X = np.empty((m, 3))
X[:, :2] = np.random.multivariate_normal([0, 0], [[2, 1], [1, 5]], m)
# almost linear dependent
X[:, 2] = X[:, 0] * w1 + X[:, 1] * w2 + noise * np.random.randn(m)
from sklearn.decomposition import PCA

pca = PCA(n_components=2)
# fit + transform
X2D = pca.fit_transform(X)
# 1-th PCA variance ratio, 2-th PCA variance ratio, almost add up to 1
pca.explained_variance_ratio_
array([0.76240779, 0.23294253])

Choosing the Right Number of Dimensions#

"""
dimension that just preserve over 95% of variance
after training
"""
cumsum = np.cumsum(pca.explained_variance_ratio_)
d = np.argmax(cumsum >= 0.95) + 1
d
2
"""
set n_components to indicate the ratio of variance you wish to preserve
no need to run again
"""
pca = PCA(n_components=0.95)

Incremental PCA#

Incremental PCA split the training set into mini-batches and feed them one mini-batch at a time.

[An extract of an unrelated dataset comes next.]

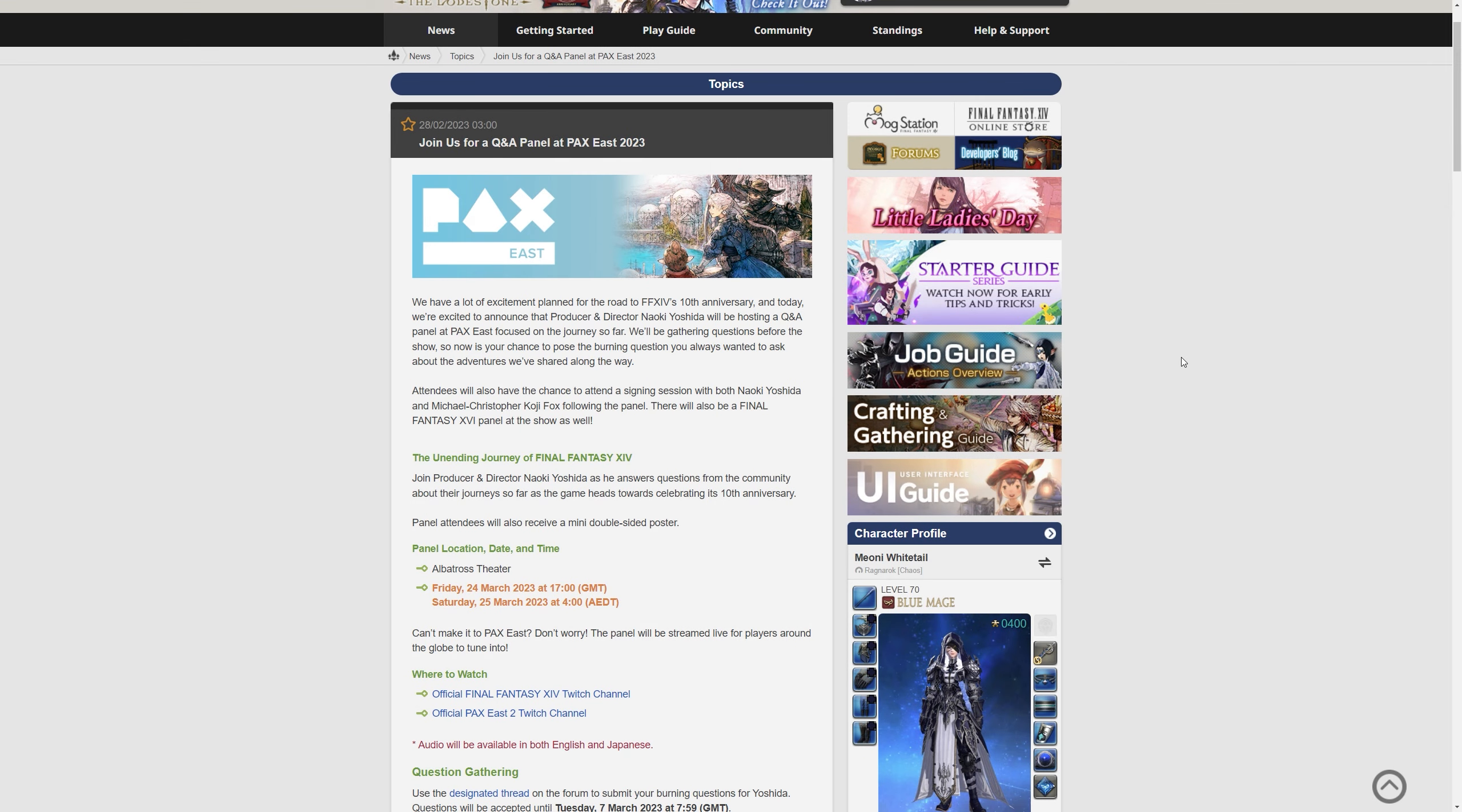Hello and welcome back to another news video for Final Fantasy XIV with me Mione. Posted today, the 28th of February 2023, talking about PAX East for this year.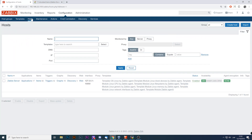We already know many item types: Zabbix agent, SNMP checks, SSH, Telnet, external scripts, user parameters — all different methods to get data from devices and data sources. But sometimes we need to do calculations with already-collected data. We get data from our hosts, store it in the database, and then operate on it with mathematical functions to receive aggregated data.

This is useful for large training sets and for applying PCA online.

from sklearn.decomposition import IncrementalPCA

n_batches = 5
inc_pca = IncrementalPCA(n_components=2)
# split X_train into 5 batches
for X_batch in np.array_split(X, n_batches):
    # partial_fit instead of fit
    inc_pca.partial_fit(X_batch)
    
X_reduced = inc_pca.transform(X)

Kernel PCA#

Using the kernel trick, KernelPCA is good at preserving clusters of instances after projection.

from sklearn.decomposition import KernelPCA

# rbf kernel is applied
rbf_pca = KernelPCA(n_components=2, kernel="rbf", gamma=0.04)
X_reduced = rbf_pca.fit_transform(X)

Tune Dimensionality Reduction#

As Dimensionality Reduction is unsupervised, there is no abvious performance measure.

While dimentionality reduction is often a preparation step for a supervised learning task.

So we can use grid search to select the hyperparameters that lead to the best performance on that task.